The Aggregates business gross margin (excluding freight and delivery revenues) was 25.3 percent, an increase of 500 basis points. Incremental gross margin (excluding freight and delivery revenues) for the aggregates business was 68 percent, with each reportable group exceeding internal expectations.
- The heritage ready mixed concrete product line reported a 19 percent increase in shipments and a 9 percent increase in average selling price. For the quarter, the legacy TXI ready mixed concrete operations contributed $137 million of net sales, an increase of 8 percent.
- The hot mixed asphalt product line reported a slight increase in average selling price and $27 million of net sales.
- The Cement business is benefitting from continued resilience in the Texas market, where pricing advances are proving more impactful than near-term demand dynamics. Average selling price increased 16.3 percent, reflective of price increases over the past 12 months coupled with the impact of the expiration of legacy TXI cement contracts with below-market pricing.
Based on these external trends, the company anticipates the following for the full year:
- Aggregates end-use markets compared to 2014 levels are as follows:
- Infrastructure market to increase in the low-single digits.
- Nonresidential market to increase in the mid-single digits.
- Residential market to experience a double-digit increase.
- ChemRock/Rail market to remain relatively flat.
- Aggregates product line shipments to increase by 7 to 10 percent compared with 2014 levels.

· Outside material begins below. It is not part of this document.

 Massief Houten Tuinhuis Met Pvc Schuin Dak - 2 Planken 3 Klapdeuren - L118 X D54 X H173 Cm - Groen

- Heritage aggregates shipments to increase 3 to 5 percent
- Aggregates product line pricing to increase by 7 to 9 percent compared with 2014.

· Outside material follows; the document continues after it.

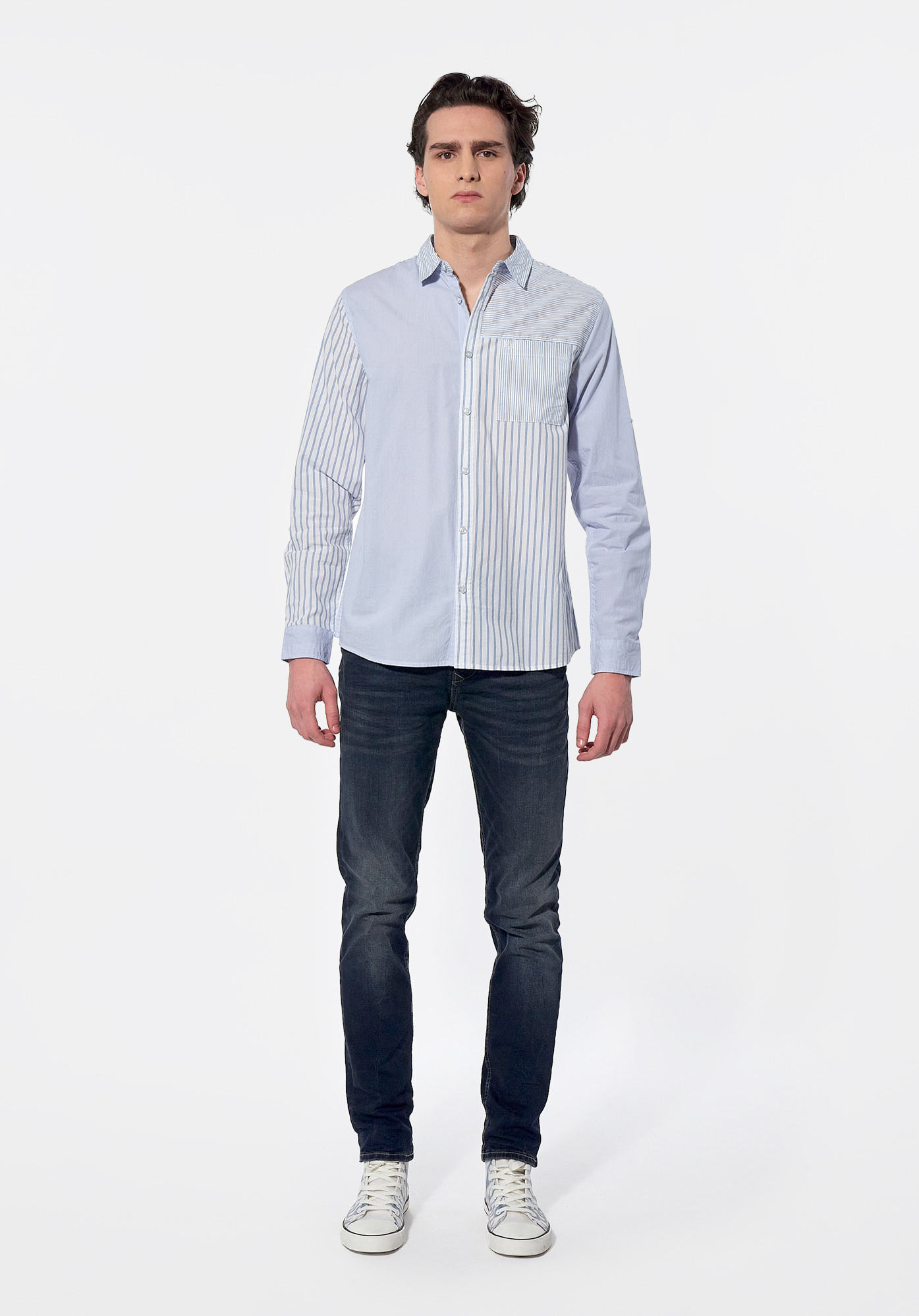 NATAN  Chemise bleue à rayures Homme en 100% coton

- Aggregates product line production cost per ton shipped to remain relatively flat.
- Aggregates-related downstream product lines to generate between $875 million and $925 million of net sales and $80 million to $85 million of gross profit.
While the company is optimistic regarding the passage of a multi-year highway bill, the preliminary 2016 outlook excludes any resulting increase in infrastructure construction activity.

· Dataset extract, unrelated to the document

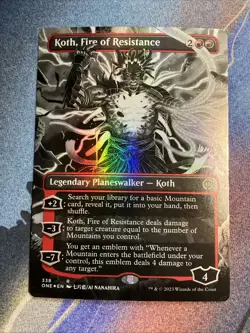 MTG Phyrexia: All Will be One: Koth, Fire of Resistance (338) Borderless Foil - Image 1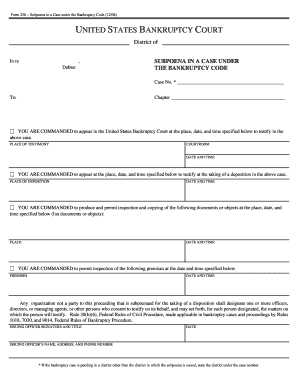 Subpoena in a Case under the Bankruptcy Code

Nye concluded, "As we begin to conclude 2015, we are encouraged by how well we performed, especially in light of the significant task of integrating TXI into Martin Marietta. It is a testimonial to our people and our processes that the integration went as smoothly as it did. Importantly, I look no further than the 50 percent improvement in the safety record of the acquired businesses, as evidence of integrating the cultures of our combined company. More importantly, with the effort substantially behind us, and the positive economic environment in our geographies, we are excited about our outlook for 2016 and beyond. Our leading position in the overwhelming majority of our markets should provide us with continued opportunities to increase profitability. We remain committed to executing our strategic plan, investing in the growth of our business and returning capital through share repurchases, all with the view towards increasing shareholder value."